“Extra cup of sweetness” – Nurturing abilities in children with Down syndrome
Four-year-old Anna Mazzocato loves spending time with her parents, her little brother Luca, her Nonna, and her dog Sully. She loves to sing and dance, ride her tricycle, and play with her dollhouse. She enjoys going to preschool with her friends.
Anna also has Down syndrome, but the condition doesn’t define her.
Her mother Gianna Mazzocato says that’s the key to nurturing abilities in people with Down syndrome – to look at the individual first.
“And Anna also happens to have this extra cup of sweetness,” she says.
One in every 781 babies born in Canada has Down syndrome.

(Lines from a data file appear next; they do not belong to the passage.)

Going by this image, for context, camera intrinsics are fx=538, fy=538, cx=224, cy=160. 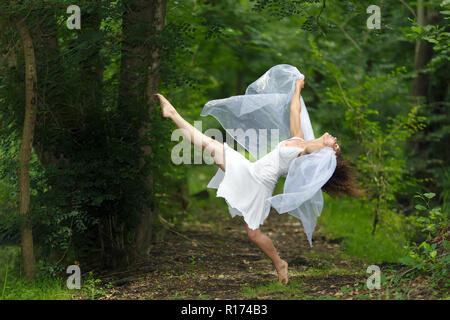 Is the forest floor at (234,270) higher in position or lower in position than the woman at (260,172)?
lower

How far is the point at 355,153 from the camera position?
30.2 ft

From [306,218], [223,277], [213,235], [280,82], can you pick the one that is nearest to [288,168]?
[306,218]

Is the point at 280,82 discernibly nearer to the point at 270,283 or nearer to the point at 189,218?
the point at 270,283

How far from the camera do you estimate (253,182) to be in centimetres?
528

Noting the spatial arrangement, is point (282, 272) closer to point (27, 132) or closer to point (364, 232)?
point (27, 132)

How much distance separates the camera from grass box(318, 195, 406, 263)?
24.7ft

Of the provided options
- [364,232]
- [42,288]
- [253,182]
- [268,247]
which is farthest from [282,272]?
[364,232]

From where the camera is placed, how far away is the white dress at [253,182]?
5.22m

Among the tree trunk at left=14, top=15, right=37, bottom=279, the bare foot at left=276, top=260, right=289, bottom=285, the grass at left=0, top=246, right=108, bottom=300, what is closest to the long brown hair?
the bare foot at left=276, top=260, right=289, bottom=285

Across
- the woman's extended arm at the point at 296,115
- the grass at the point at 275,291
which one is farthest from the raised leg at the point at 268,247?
the woman's extended arm at the point at 296,115

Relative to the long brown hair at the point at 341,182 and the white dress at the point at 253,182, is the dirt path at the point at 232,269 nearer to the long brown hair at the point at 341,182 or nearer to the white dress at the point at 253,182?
the white dress at the point at 253,182

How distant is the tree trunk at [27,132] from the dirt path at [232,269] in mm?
1078

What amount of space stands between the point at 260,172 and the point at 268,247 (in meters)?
0.74

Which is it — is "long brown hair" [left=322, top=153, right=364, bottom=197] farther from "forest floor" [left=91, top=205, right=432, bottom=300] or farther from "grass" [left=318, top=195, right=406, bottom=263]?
"grass" [left=318, top=195, right=406, bottom=263] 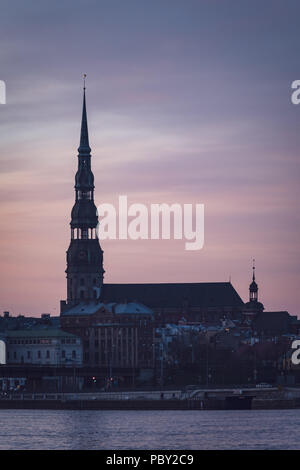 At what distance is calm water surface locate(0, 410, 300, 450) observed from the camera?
357 feet

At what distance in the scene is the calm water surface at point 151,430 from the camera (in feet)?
357

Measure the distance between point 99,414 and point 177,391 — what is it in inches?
646

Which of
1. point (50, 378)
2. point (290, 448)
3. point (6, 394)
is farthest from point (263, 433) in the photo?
point (50, 378)

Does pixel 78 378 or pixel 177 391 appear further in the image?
pixel 78 378

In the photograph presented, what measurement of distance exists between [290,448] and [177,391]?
2330 inches

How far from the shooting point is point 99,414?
5866 inches

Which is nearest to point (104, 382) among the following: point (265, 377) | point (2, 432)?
point (265, 377)

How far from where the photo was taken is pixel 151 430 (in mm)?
121062

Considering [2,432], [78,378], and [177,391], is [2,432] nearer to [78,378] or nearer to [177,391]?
[177,391] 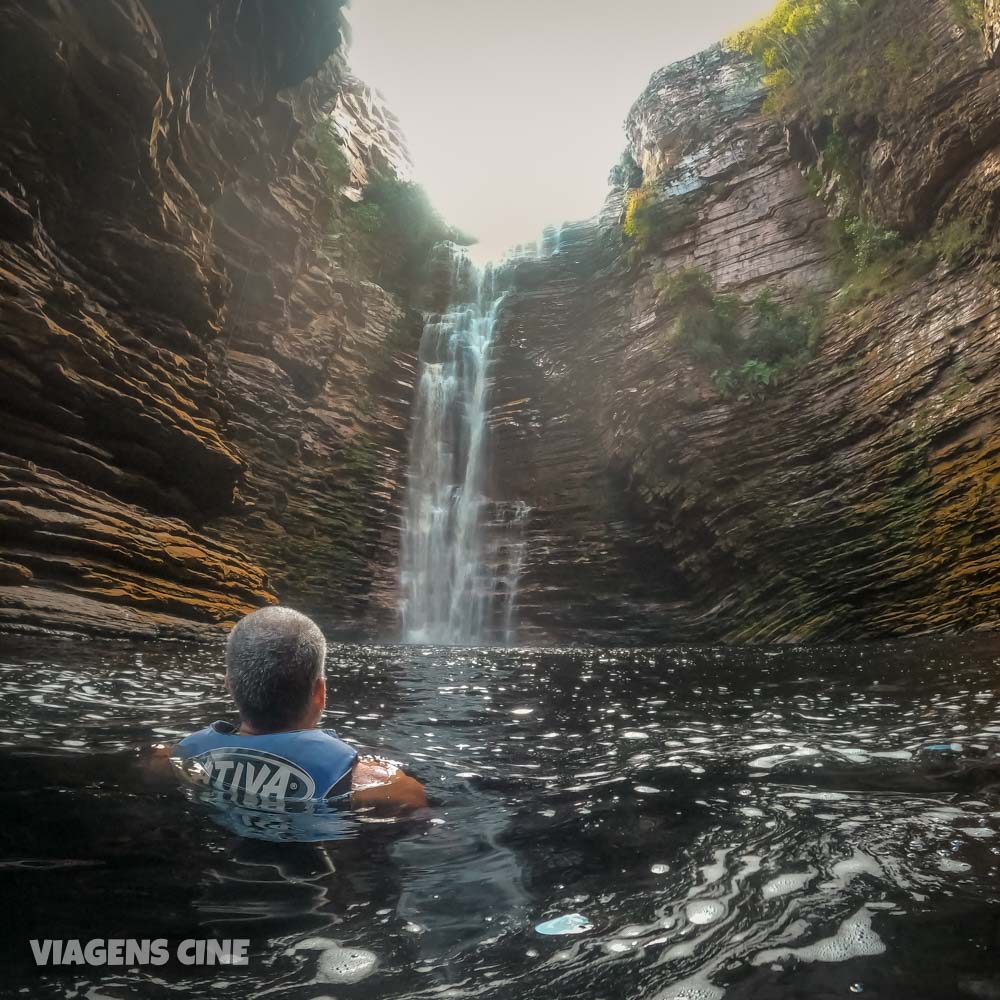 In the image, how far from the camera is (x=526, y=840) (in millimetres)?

World Down Syndrome Day takes place on March 21 annually. When ratified by the United Nations, the date was chosen purposefully: about 95% of people with Down syndrome have “Trisomy 21” which means each cell in the body has three separate copies of chromosome 21 instead of the usual two copies. On this day especially, the contributions of people with Down syndrome are celebrated.
Developmental services are crucial
Like many individuals with Down syndrome, Anna’s medical journey has been complex. She had open heart surgery at six months old at another hospital. Since then, she has been cared for at numerous clinics at McMaster Children’s Hospital (MCH) including feeding and swallowing, endocrinology, ophthalmology, hematology, and ear, nose and throat.
As she grows older, Anna’s family’s focus has been on developmental services at MCH’s Ron Joyce Children’s Health Centre, where she is working hard to reach her milestones.
At RJCHC, Anna receives occupational therapy, physiotherapy, speech and language therapy, audiology, and prosthetics and orthotics support.
Services like audiology and speech language therapy have been crucial. “We know youth with Down syndrome have difficulty hearing and speaking. But when they can hear, the sensory gateway for learning to talk opens up,” says Mazzocato. “Anna is fervent. When she wants to get her message across, she has ways of ensuring she is understood, despite communication limits.”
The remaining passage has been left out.